No clear winner in Brazil’s presidential election

2 years ago
Duration 3:27
Brazil’s presidential election is still without a clear winner after no candidate could capture half the vote in the highly polarized election. Far-right incumbent Jair Bolsonaro and left-wing former president Luiz Inácio Lula da Silva will now face off in a run-off vote later this month.

Social worker Nadja Oliveira, 59, said she voted for Lula and even attended his rallies, but since 2018 she has voted for Bolsonaro.

"Unfortunately, the Workers' Party disappointed us. It promised to be different," she said in Brasilia.

Others, like Marialva Pereira, are more forgiving. She said she would vote for the former president for the first time since 2002.

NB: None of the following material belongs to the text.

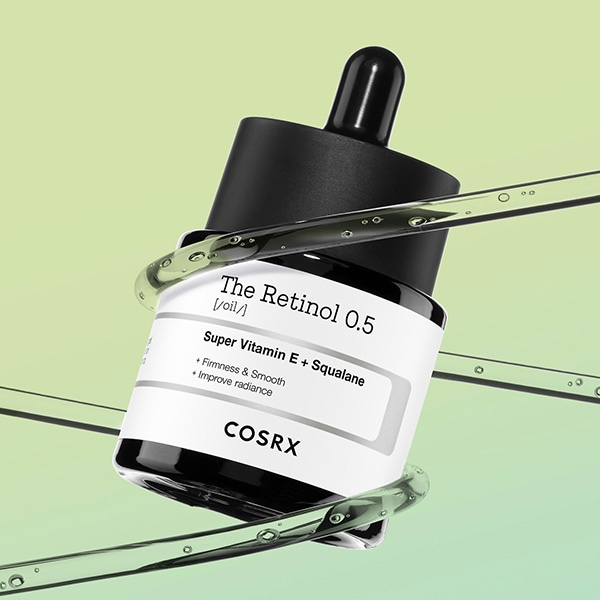[COSRX] RX ザ レチノール 0.5 オイル / 20ml マルチ栄養ケア フェイスオイル レチノール0.5％配合 夜用美容オイル 韓国コスメ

Supporters of Lula are seen in Rio de Janeiro on Sunday. (Silvia Izquierdo/The Associated Press)

"I didn't like the scandals in his first administration, never voted for the Workers' Party again. Now I will, because I think he was unjustly jailed and because Bolsonaro is such a bad president that it makes everyone else look better," said Pereira, 47.

Speaking after casting his ballot in Sao Bernardo do Campo, the manufacturing hub in Sao Paulo state where he was a union leader, Lula recalled that four years ago, he was imprisoned and unable to vote.

"I want to try to make the country return to normality, try to make this country again take care of its people," he told reporters.

'Clean elections must be respected,' say Bolsonaro

Bolsonaro grew up in a lower-middle-class family before joining the army. He turned to politics after being forced out of the military for openly pushing to raise servicemen's pay. During his seven terms as a fringe lawmaker in Congress's lower house, he regularly expressed nostalgia for the country's two-decade military dictatorship.

His overtures to the armed forces have raised concerns that his possible rejection of election results could be backed by top military brass.

On Saturday, Bolsonaro shared social media posts by right-leaning foreign politicians, including former U.S. president Donald Trump, who called on Brazilians to vote for him. Israel's former prime minister, Benjamin Netanyahu, expressed gratitude for stronger bilateral relations, and Hungarian Prime Minister Viktor Orban also praised him.

Bolsonaro supporters gather outside his home in Rio de Janeiro on Sunday. (Lucas Landau/Reuters)

After voting on Sunday morning, Bolsonaro told journalists that "clean elections must be respected" and that the first round would be decisive. Asked if he would respect the results, he gave a thumbs up and walked away.

Leda Wasem, 68, had no doubt that Bolsonaro will not just be re-elected but will win outright in the first round. Wearing a jersey of the national soccer squad at a polling place in downtown Curitiba, the real estate agent said an eventual Lula victory could have only one explanation: fraud.

"I wouldn't believe it," she said. "Where I work, where I go every day, I don't see a single person who supports Lula."